An eventful afternoon at the Amex Stadium saw the hosts squander the chance to take a first-half lead when Neal Maupay slid a penalty wide of the post.
At the other end, Mohamed Salah had an effort ruled out by the VAR for offside prior to the break; nevertheless, Diogo Jota’s fine run and finish gave the Reds the opener midway through the second period.
Sadio Mane then had a header chalked off by the video assistant referee, but the visitors maintained their advantage heading into stoppage time.
However, play was halted when the VAR reviewed an earlier challenge by Andy Robertson on Danny Welbeck inside the box and, after referee Stuart Atwell consulted his pitchside monitor, Brighton were awarded a second spot-kick.
This time Pascal Gross converted, ensuring the Seagulls took a share of the points.
Read on for a summary of Klopp’s post-match press conference at the Amex Stadium…
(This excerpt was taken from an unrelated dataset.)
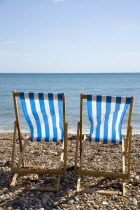 England, West Sussex, Bognor Regis, Two blue and white deck chair on the shingle pebble beach looking out to sea.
On the second penalty given to Brighton and the two Liverpool efforts ruled out for offside…
My analysts told me Mo was offside – very close, a very small margin, like the toe or whatever. Sadio obviously with his upper body, I didn’t see it, I heard that. But that sounds like twice offside, even when it was close. But well played, good play, all these kind of things. The second penalty is a penalty because the ref whistled it. There was a contact and when the ref thinks it’s enough, then we cannot change that obviously. That’s the situation.
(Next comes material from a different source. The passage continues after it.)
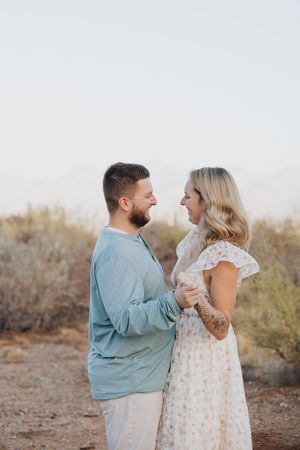 A romantic couple embraces in a desert landscape at sunset wearing coordinated blue and white outfits.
On Jota’s ninth goal of the season and the impact Jordan Henderson had in the second half…
I liked the first half as well. Of course, they had a bit more offensive situations because we had to adapt, we had to learn actually in the game. When you analyse Brighton, Brighton play football against each team, has a playing build-up against each team. Against us they obviously shoot the balls long, that’s OK. That was a little difference. Then, with Connolly up front they played pretty early balls in behind. How I said, this last line played now the first time together so they needed to adapt. After 20, 25 minutes we did that, we controlled that. The Connolly chance was a big one, all the other situations Ali sorted. So, I liked the first half as well. And, of course, when you have Hendo on the pitch that always helps, absolutely. We scored a goal and couldn’t score the second one. OK, scored a lot more goals but they were disallowed and couldn’t score a second one which would have been allowed. Then the penalty came, that’s how it is.
On whether Thiago Alcantara or Alex Oxlade-Chamberlain could return against Ajax or Wolverhampton Wanderers…
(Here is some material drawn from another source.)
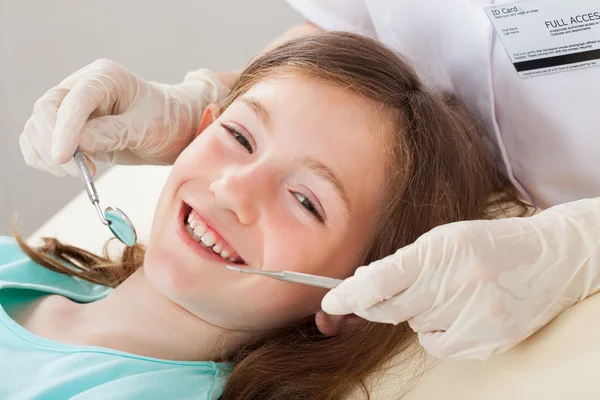 Happy Girl Undergoing Dental Treatment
I don’t want to tell Ajax and Wolves too much, but I don’t think so.
On the five substitutes rule…
Look, if it would be about me then I would have never mentioned it, but it’s about the players and each moment when it would happen, it would be good for the players. Brighton lost two players with muscle injuries and they play one game a week. The most difficult time is coming up now. For Sheffield United as well, by the way. We will see. I can explain it one last time: in this period we are now in, five subs is not for tactical changes. And if ever one coach has the luck to use it for tactical changes, that would be the exception. Today we made an early sub at half-time, then we made a second sub and then we thought really if we are brave and [will] make the third sub. If you are not brave, you have to wait with the third sub until the 90th minute pretty much because until then when they show up five more minutes, for example, you can say, ‘OK, if we change now then probably nothing will happen, or we are only three or four minutes with 10 men.’ If we would have had five subs today then Andy Robertson I would have taken off, 100 per cent; I had Kostas Tsimikas on the bench, so he can play 15/20 minutes. So, we don’t have a lot of options in the moment – we have, but they’re all offensive – so you can just bring them all through the season. It’s not the solution, but it’s a little help. That’s all. Whatever Chris Wilder says, I don’t speak only about Liverpool – he speaks only about Sheffield United, that’s true. He admitted that in the managers’ meeting, but I speak about football players.